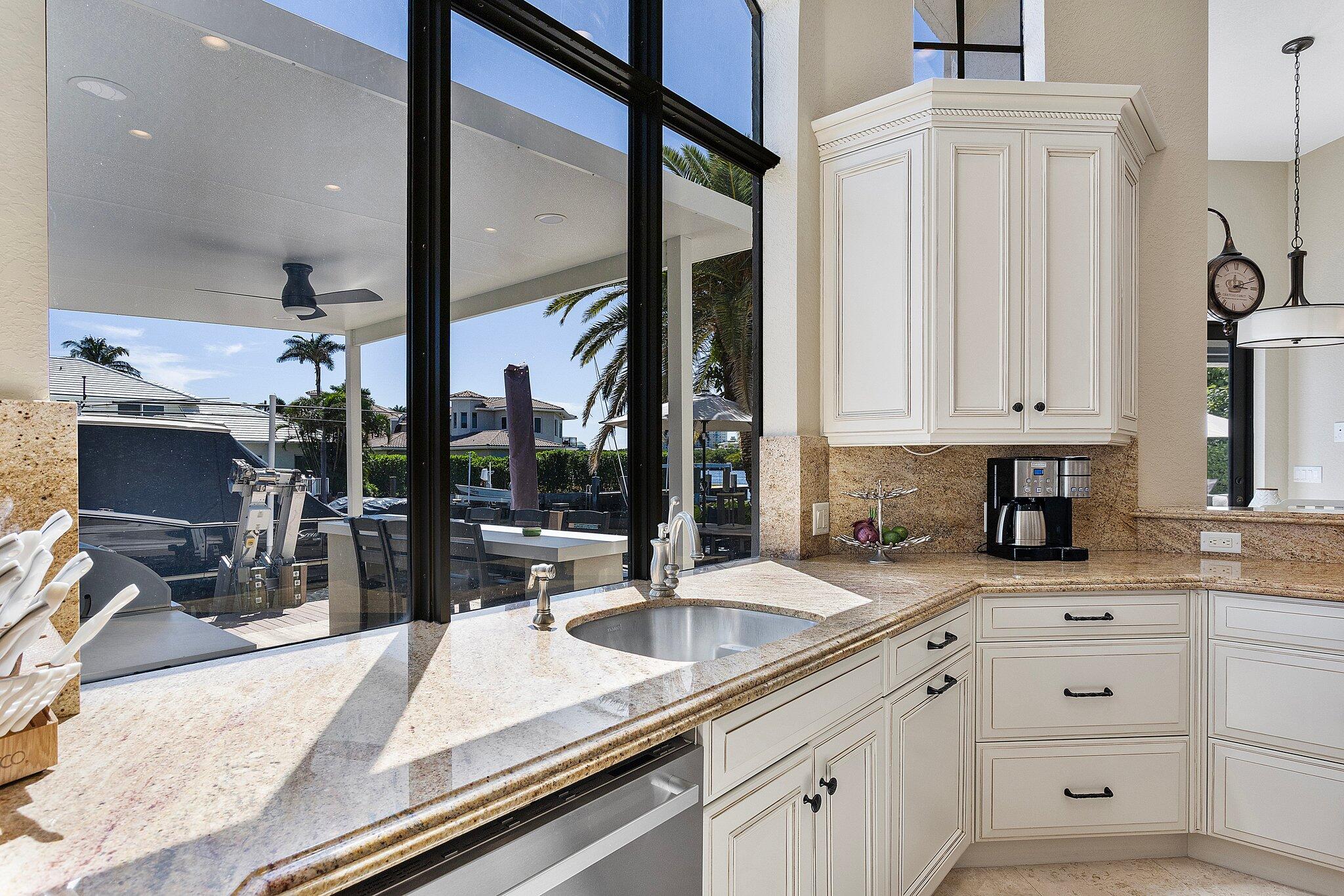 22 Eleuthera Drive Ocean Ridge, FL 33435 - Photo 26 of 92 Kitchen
:::::
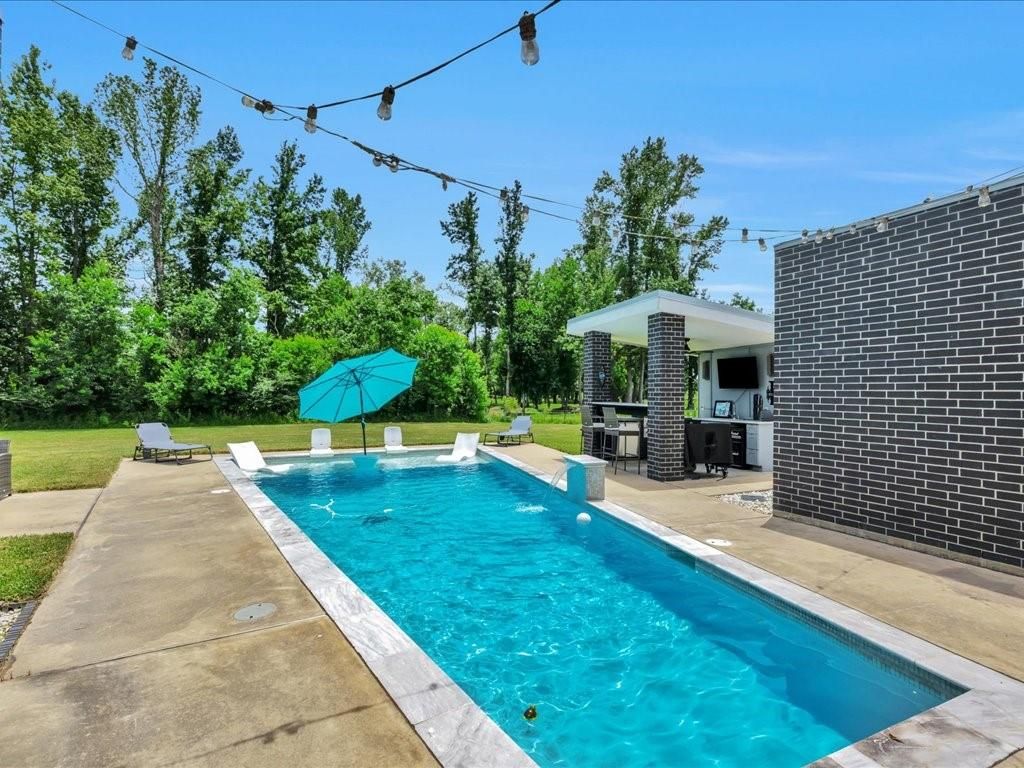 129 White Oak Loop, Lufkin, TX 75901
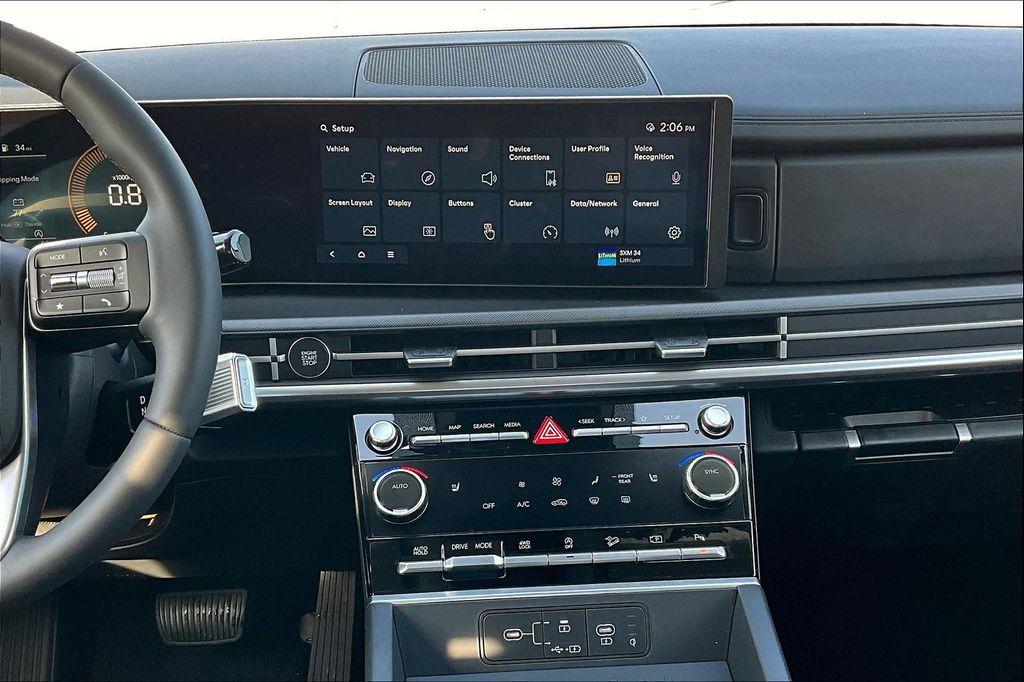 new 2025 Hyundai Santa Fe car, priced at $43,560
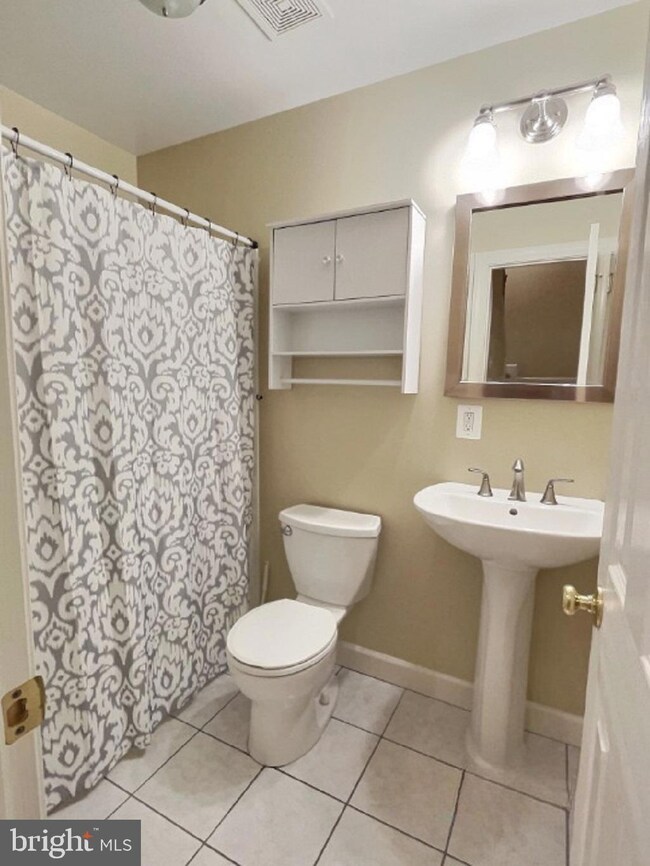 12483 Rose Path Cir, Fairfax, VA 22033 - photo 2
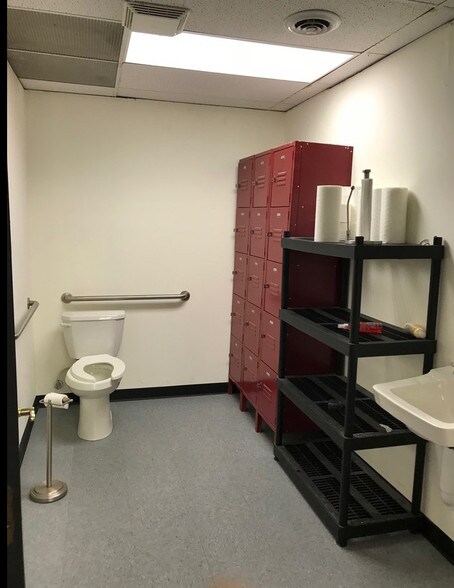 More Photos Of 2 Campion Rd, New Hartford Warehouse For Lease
:::::
• EXERCISE BRIEF: Work from the entries above. Set down exactly and only the lines from the line with "new 2025 Hyundai" to the line with "More Photos Of", both included, and leave the pictures out.

• SOLUTION TO THE EXERCISE:
 new 2025 Hyundai Santa Fe car, priced at $43,560
 12483 Rose Path Cir, Fairfax, VA 22033 - photo 2
 More Photos Of 2 Campion Rd, New Hartford Warehouse For Lease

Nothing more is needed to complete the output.